Le marché européen pour la livraison par drone est en ordre de marche. C’est du moins ce que laisse augurer la création en 2019 du cadre réglementaire européen pour l’utilisation des drones. Les deux textes publiés par l’Union européenne visent à sécuriser l’usage récréatif et professionnel des drones en les classant en trois catégories d’exploitation. Dans un premier temps, seuls sont concernés par la réglementation les drones à usage récréatifs et professionnels entrant dans la catégorie d’exploitation dite Open. A partir du 1er juillet, le règlement prévoit que les aéronefs devront notamment se conformer à certaines obligations. Par exemple voler à vue et à une hauteur de 120 mètres maximum. Pour les drones appartenant à la catégorie dite Spécifique, qui concerne des appareils présentant des risques plus élevés, la réglementation n’est pas encore aboutie. Elle prévoit toutefois l’obligation de voler à moins de 120 mètres de hauteur et de se conformer à des scénarios de vol. En France, l’approbation de la Direction générale de l’aviation civile (DGAC) est requise pour le drone et l’exploitant. La réglementation est toutefois encore incomplète, elle devrait aboutir en 2022. Idem pour la catégorie dite certifiée qui concerne des aéronefs destinés au transport de marchandises et de personnes. « La réglementation va prévoir quels types de matériels devront être utilisés et dans quel cadre quelles seront les formations nécessaires aux pilotes », résume Bastien Alorent, délégué général de la fédération professionnelle du drone civil (FPDC).

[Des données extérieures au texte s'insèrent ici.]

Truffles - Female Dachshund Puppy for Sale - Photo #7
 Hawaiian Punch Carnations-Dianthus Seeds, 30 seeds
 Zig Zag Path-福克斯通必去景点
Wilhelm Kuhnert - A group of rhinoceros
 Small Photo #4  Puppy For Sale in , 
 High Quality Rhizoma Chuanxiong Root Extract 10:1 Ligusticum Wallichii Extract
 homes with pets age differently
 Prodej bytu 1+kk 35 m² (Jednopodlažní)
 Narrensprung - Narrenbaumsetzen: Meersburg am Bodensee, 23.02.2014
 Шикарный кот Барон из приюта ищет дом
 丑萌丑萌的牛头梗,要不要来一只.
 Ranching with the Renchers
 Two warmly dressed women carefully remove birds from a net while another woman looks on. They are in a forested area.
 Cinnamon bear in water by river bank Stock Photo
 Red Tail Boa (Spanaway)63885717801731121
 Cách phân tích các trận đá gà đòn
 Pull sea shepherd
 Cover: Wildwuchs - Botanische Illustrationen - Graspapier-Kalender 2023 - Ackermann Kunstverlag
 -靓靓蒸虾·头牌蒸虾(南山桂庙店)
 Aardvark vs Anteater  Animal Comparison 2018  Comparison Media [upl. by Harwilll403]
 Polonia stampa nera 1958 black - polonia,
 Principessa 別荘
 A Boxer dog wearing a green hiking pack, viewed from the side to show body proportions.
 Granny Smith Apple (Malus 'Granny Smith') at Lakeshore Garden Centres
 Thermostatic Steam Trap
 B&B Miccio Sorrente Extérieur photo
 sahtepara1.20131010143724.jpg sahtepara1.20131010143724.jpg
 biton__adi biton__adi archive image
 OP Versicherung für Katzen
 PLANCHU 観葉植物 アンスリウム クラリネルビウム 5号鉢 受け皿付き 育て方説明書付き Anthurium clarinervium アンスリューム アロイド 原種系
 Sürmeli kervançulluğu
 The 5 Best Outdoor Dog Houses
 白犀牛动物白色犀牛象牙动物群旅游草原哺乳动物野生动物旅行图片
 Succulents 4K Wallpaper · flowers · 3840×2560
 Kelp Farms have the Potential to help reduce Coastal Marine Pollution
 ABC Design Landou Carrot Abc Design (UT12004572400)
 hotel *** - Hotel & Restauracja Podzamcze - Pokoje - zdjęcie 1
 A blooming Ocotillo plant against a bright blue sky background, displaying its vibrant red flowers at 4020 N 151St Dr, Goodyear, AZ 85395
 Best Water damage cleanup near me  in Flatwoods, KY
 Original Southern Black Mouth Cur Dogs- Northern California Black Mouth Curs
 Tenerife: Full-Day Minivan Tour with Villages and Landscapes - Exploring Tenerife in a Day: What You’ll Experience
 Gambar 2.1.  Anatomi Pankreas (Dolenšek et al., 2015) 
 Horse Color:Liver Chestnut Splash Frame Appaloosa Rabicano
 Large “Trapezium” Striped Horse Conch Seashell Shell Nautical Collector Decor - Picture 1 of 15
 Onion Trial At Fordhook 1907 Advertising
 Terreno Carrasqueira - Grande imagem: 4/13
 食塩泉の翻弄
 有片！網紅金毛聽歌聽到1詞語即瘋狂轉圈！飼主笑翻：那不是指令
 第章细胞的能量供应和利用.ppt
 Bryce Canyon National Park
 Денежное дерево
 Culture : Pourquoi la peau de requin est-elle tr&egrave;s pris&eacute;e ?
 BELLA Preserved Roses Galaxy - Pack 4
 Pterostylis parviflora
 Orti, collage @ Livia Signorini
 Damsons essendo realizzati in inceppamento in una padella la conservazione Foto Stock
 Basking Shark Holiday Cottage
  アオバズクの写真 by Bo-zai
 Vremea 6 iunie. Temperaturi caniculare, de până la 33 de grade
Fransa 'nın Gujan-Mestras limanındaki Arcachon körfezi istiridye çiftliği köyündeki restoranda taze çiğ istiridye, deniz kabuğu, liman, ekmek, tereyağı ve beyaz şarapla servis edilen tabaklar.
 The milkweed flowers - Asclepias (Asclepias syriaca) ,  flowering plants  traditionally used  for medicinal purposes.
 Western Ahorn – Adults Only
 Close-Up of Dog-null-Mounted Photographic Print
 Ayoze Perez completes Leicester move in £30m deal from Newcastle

« Dans ce contexte, les constructeurs de drones et les autorités travaillent de concert pour établir les bases de la réglementation et les conditions nécessaires pour transporter par drone des colis allant de 1 à 50 kg », indique Alain Dupiech, porte-parole du constructeur de drone civile, Survey Copter. Cette filiale d’Airbus Defence and Space vient de mener une expérimentation pour démontrer la faisabilité de ce type de livraison avec les opérateurs privés du parc logistique e-Valley. Il s’agit d’un projet titanesque de 320 hectares qui s’élève à Cambrai (Nord) sur une friche militaire. La première pierre a été posée en novembre dernier. Financé par le groupe BT Immo Group, ce parc verra la construction de 550 000 m2 d’entrepôts destinés notamment aux e-commerçants. 1 300 emplois sont prévus à terme. Les quatre premiers bâtiments d’une surface de 240 000 m2 seront livrés fin 2020-début 2021. « Notre ambition est de devenir la première plateforme quadrimodale au monde qui sera desservie par le rail, la route, le fluvial et le drone », rapporte Fabrice Galloo, directeur du développement d’e-Valley. Implanté sur l’ancienne base aérienne 103, le site se situe à proximité de plusieurs autoroutes (dont l’A1, A2 et A26), du chemin de fer, ainsi que du canal Seine-Nord.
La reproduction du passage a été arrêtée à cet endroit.